Problem: Sum all collatz steps from 0 to 10000000
https://en.wikipedia.org/wiki/Collatz_conjecture
First solution: Naive loop
Code: Select all
uint64_t steps(uint64_t n) {
uint64_t steps = 0;
while (n != 1) {
if (n % 2 == 0) {
n = n / 2;
steps++;
}
else {
n = (3 * n + 1) / 2;
steps += 2;
}
}
return steps;
}
Code: Select all
uint64_t steps(uint64_t n) {
uint64_t N = n;
//Make input odd
uint64_t steps = std::countr_zero(n);
if (steps != 0) n >>= steps;
while (n != 1) {
//Repeated expand until even
while (n & 1) {
n = (3 * n + 1) / 2;
steps += 2;
}
//Repeated division by 2 until odd
steps += std::countr_zero(n);
n >>= std::countr_zero(n);
}
return steps;
}
This can be solved via recursive expansion:
n0 = (3n+1)/2
n1 = (3*(3n+1)/2+1)/2 = (9 n + 5) / 4
n2 = (3*(9 n + 5) / 4 + 1) / 2 = (27n + 19) / 8
n3 = (3 * (27n + 19) / 8 + 1) /2 = (81n + 65) / 16
n4 = (3 * (81n + 65) / 16 + 1) / 2 = (243 n + 211) / 32
When looking at the numbers here we get the general collatz pattern:
http://oeis.org/A001047
n = ((3^i)*n + (3^i - 2^i)) / 2^i
in c++ world 3^i cannot be calculated quickly.

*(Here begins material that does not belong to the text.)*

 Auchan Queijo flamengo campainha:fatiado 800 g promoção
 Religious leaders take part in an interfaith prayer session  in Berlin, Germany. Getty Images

But since its a normal f(x) => y function we can do a simple lookup table for 3^i and 3^i - 2^i:
Code: Select all
n = (table_pow3[expand] * n + table_pow3minuspow2[expand]) >> expand;
Code: Select all
uint64_t steps(uint64_t n) {
uint64_t steps;
//Make input odd
n >>= steps = std::countr_zero(n);
while (n != 1) {
//Repeated expand(e) 3x+1 until even
uint64_t e = std::countr_one(n);
steps += e * 2;
//General form:
//((3 ^ i) * n + (3 ^ i - 2 ^ i)) / 2 ^ i
n = (table_pow3[e] * n + table_pow3minuspow2[e]) >> e;
//Repeated division by 2(c) until odd
uint64_t c = std::countr_zero(n);
steps += c;
n >>= c;
}
return steps;
}
((3 ^ i) * n + (3 ^ i - 2 ^ i)) / 2 ^ i
The whole collatz problem could be compacted into a single formula.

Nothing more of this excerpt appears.